#### Exercise goal
Below are the records; extract from them the line containing "养父的女儿们第50话-喜欢和我做吗?" to the line containing "Iglesia de la Vera Cruz", both lines included, exactly and with no pictures.

#### Caption-style text data
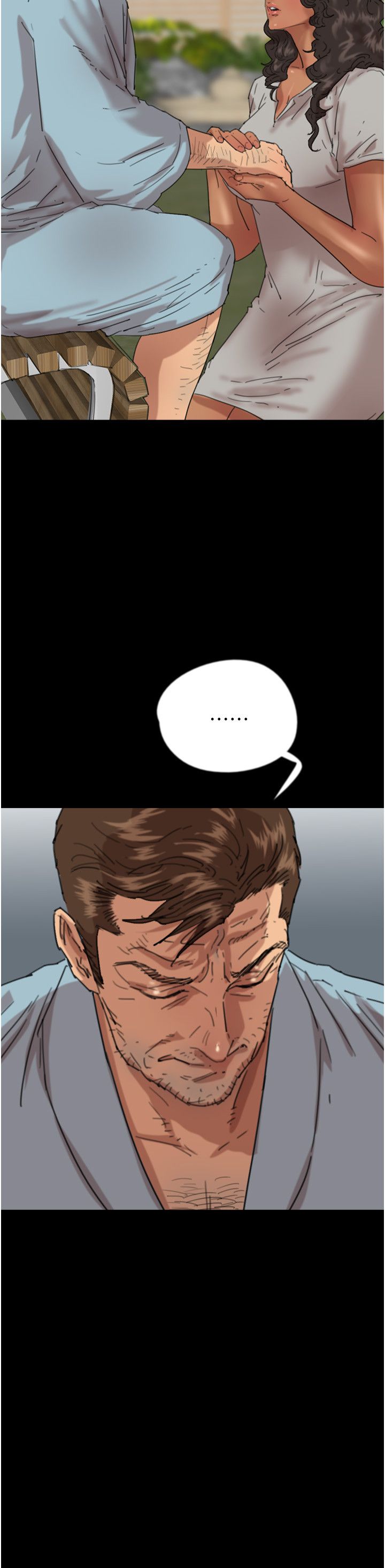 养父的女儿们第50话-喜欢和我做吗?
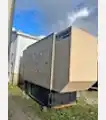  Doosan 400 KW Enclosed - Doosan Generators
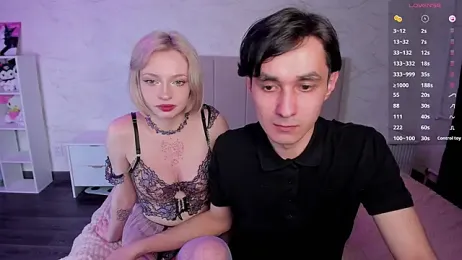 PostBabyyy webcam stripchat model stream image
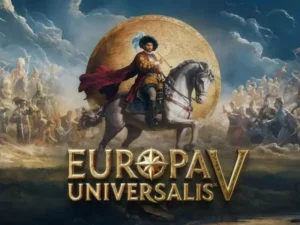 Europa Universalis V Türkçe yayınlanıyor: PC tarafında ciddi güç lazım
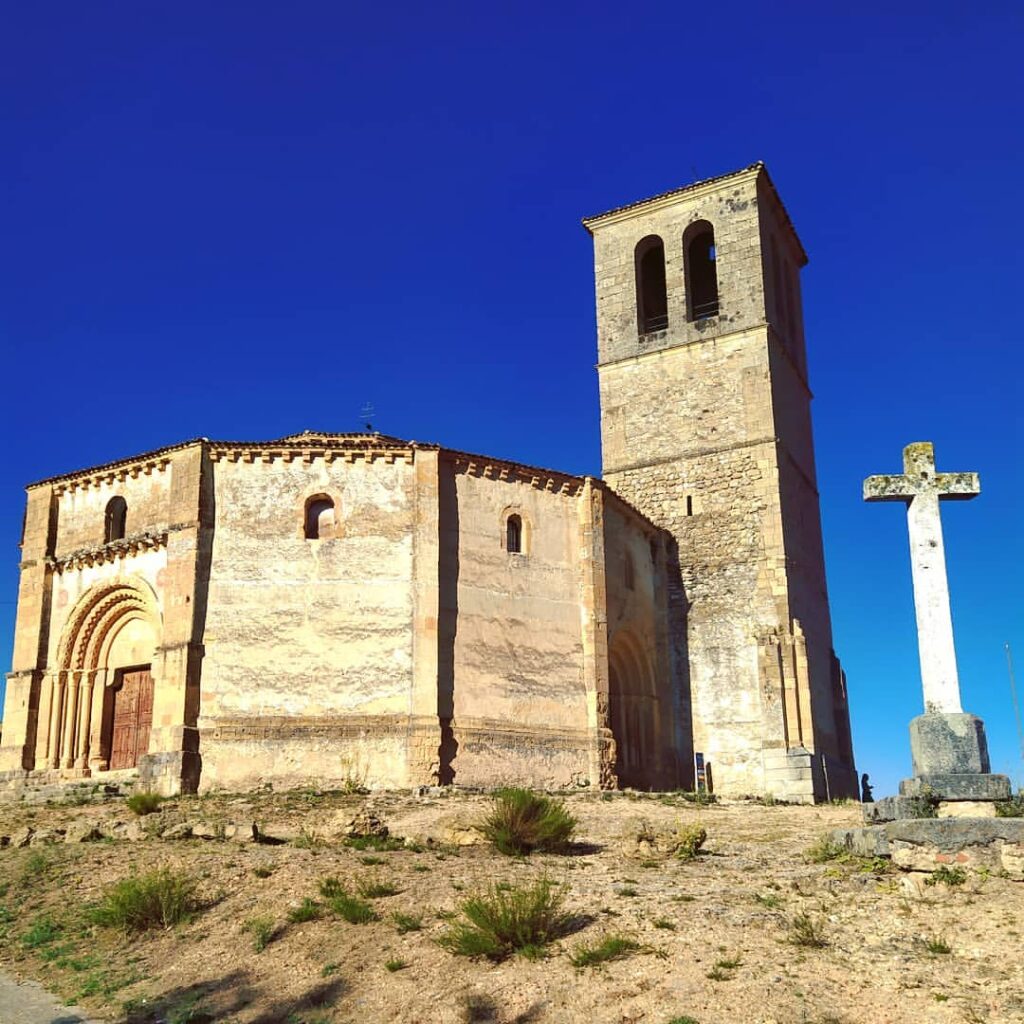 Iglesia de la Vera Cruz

==

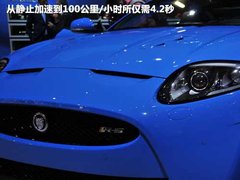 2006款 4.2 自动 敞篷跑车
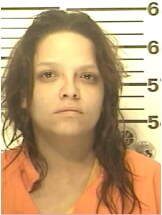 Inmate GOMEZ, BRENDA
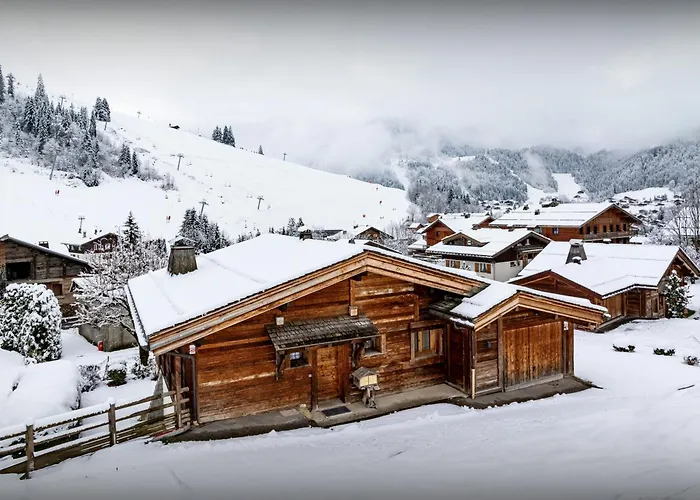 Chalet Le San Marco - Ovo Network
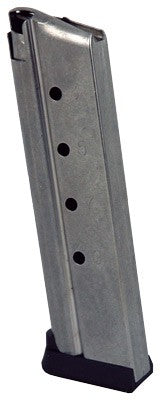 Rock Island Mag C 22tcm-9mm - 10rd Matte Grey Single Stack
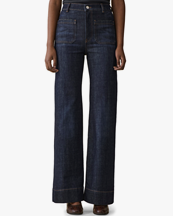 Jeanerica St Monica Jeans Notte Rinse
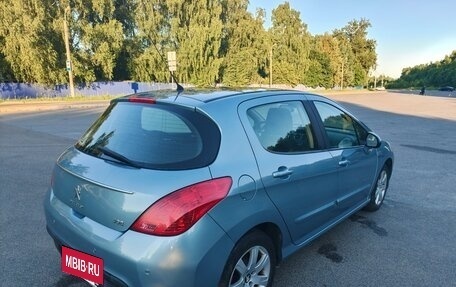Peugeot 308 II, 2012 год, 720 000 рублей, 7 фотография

#### Your solution
 养父的女儿们第50话-喜欢和我做吗?
  Doosan 400 KW Enclosed - Doosan Generators
 PostBabyyy webcam stripchat model stream image
 Europa Universalis V Türkçe yayınlanıyor: PC tarafında ciddi güç lazım
 Iglesia de la Vera Cruz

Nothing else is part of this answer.